Acting is a cerebral trade as well as a physical one, and Jackson was always political. As she rose to become one of her generation's leading actresses, the seeds of her later career were always present. As I discovered, it's the idea that politics is the exclusive preserve of parliament which winds her up more than anything else. Her push to active involvement, like that of many other Labour politicians, sprang from her powerful hostility to "that ghastly Thatcher". Being faced with a government trying to convince voters that vices like "greed" and "selfishness" were acceptable proved too much to bear. "I was so outraged because I am the product of what was a socialist dream that turned into socialist reality – the Labour government of 1945. My life, like the lives of millions of people, was transformed by that government. And she busily unpicked the whole damn thing."
Thatcher's legacy continues to haunt British politics to this day – and her attitude to the performing arts is remembered with especial grimness by Jackson. She complains of the results of the serious underfunding the arts suffered under Thatcher: a "complete dearth of any kind of risk-taking, innovation, or genuine creative voices being heard". Now, with austerity starting to bite, she fears the same is about to take place. "We're on the cusp, aren't we?

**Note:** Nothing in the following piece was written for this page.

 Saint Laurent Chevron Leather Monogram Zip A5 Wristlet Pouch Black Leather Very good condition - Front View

There are going to be serious cuts." Jackson points out every pound put into the creative industries results in five coming back to the UK economy. But there's more to it than that, she thinks. "There's something about that argument, that the only value of the arts is how much it can earn in money terms, which I think misses the point."

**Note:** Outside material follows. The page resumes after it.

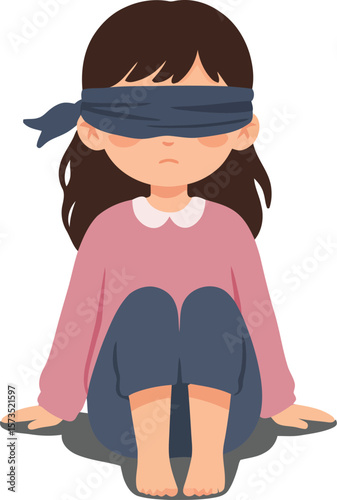 Girl sitting barefoot with blindfold on eyes in meditative pose calm and peaceful vector illustration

Now the coalition has extended its deficit reduction drive into the next parliament, Jackson knows she won't be in parliament long enough to see the end of the austerity. She has already confirmed her intention to stand down in 2015. This is probably sensible. Given her majority of just 42 last time round, in a campaign she says was "probably the most interesting election I've ever fought", that seems sensible. She'll be approaching her 80s by 2015. And in any case, her concern with voters seems to have reached full circle.
"I think creating a society that functions and in which individuals can discover what their genuinely unique gifts are is very important," she says, still preoccupied by that ideal. "One of the problems we have today is the other half of the democratic equation seems to think politics has nothing whatever to do with them. People say 'I never vote' and you think people died to give you this right… to think you can somehow be outside the political decisions that are made in your country and they will not affect you, I find utterly bewildering."
Having an audience is a fundamental need for both actors and politicians, which is perhaps why Jackson is so preoccupied by the enormous disengagement problem the UK faces nowadays. She may have worked out the reason for the problem, though, by picking out one of the biggest differences between the two trades. As an actor, "you don't have to be popular with the audience". Playing a villain is fine for actors, but obviously isn't an option for well-meaning politicos. Winning someone's trust is simply harder than persuading them they're someone else. "If you're playing a horrible person you have to convince them."
Jackson is a politician, certainly, but she is still has all the sensibilities of her acting past. After having made the point that actors aren't always seeking to be liked on stage, she adds: "You're trying to tell the truth." I'm not really sure whether she's still talking about acting or politics. Trying to distinguish one from the other is harder than it looks.